Work instruction: Lines with "Drive" in the records below: say how many there are, and add nothing.

"""

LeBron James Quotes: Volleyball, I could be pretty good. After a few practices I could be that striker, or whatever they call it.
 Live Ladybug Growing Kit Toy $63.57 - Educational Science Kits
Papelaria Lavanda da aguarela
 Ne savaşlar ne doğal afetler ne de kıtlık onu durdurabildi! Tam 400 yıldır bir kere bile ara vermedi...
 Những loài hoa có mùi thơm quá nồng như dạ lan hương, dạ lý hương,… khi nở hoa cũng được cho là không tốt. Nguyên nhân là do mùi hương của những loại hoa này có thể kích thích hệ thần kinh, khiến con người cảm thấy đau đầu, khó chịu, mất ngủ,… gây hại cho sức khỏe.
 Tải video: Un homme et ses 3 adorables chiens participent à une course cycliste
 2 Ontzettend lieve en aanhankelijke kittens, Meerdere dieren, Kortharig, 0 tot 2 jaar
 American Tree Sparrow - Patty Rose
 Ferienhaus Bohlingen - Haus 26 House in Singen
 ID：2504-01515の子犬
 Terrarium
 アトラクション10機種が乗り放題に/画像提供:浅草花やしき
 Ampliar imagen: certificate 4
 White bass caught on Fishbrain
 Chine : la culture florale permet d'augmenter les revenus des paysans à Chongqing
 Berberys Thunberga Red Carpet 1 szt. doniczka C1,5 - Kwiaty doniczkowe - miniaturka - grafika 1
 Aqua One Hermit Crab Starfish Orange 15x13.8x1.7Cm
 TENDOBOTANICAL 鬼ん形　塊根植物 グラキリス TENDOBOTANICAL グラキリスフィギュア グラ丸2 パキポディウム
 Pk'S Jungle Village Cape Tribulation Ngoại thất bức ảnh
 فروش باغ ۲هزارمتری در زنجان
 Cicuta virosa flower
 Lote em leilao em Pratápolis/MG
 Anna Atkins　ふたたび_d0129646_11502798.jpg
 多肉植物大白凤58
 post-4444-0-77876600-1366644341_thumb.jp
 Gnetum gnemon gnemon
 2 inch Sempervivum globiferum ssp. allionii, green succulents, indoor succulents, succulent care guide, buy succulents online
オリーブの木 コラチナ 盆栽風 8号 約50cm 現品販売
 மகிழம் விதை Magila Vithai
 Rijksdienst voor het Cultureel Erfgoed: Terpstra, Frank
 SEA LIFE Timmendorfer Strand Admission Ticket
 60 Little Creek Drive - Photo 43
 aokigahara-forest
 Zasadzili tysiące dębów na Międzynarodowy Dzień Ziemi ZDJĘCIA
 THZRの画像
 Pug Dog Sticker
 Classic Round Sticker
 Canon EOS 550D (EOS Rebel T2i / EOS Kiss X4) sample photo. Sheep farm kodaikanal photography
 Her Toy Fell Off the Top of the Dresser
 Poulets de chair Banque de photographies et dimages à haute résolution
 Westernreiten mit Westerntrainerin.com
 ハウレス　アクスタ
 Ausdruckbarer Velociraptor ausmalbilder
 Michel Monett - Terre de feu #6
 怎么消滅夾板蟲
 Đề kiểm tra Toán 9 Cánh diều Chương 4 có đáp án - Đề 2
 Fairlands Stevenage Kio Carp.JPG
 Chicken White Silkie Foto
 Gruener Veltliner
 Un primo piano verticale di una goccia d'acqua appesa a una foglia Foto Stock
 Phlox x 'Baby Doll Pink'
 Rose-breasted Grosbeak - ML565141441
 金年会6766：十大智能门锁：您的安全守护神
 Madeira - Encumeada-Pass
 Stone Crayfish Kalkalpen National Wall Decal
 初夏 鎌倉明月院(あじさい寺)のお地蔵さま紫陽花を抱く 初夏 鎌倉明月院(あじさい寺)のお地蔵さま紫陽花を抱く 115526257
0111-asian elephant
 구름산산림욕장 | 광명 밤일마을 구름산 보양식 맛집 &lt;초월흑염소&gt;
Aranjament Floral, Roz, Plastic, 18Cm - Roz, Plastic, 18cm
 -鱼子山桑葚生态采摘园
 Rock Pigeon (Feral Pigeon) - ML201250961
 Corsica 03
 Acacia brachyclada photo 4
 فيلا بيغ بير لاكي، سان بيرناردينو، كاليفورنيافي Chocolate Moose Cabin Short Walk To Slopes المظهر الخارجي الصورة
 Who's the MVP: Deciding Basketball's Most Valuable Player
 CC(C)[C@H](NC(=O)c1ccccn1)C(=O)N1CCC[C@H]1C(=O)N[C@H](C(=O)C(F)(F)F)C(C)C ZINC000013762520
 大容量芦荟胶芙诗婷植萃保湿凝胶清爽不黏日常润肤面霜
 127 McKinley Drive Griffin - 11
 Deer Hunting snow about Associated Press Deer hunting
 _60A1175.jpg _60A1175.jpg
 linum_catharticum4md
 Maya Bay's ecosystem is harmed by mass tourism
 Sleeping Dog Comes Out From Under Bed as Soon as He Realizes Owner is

"""

Answer section: 2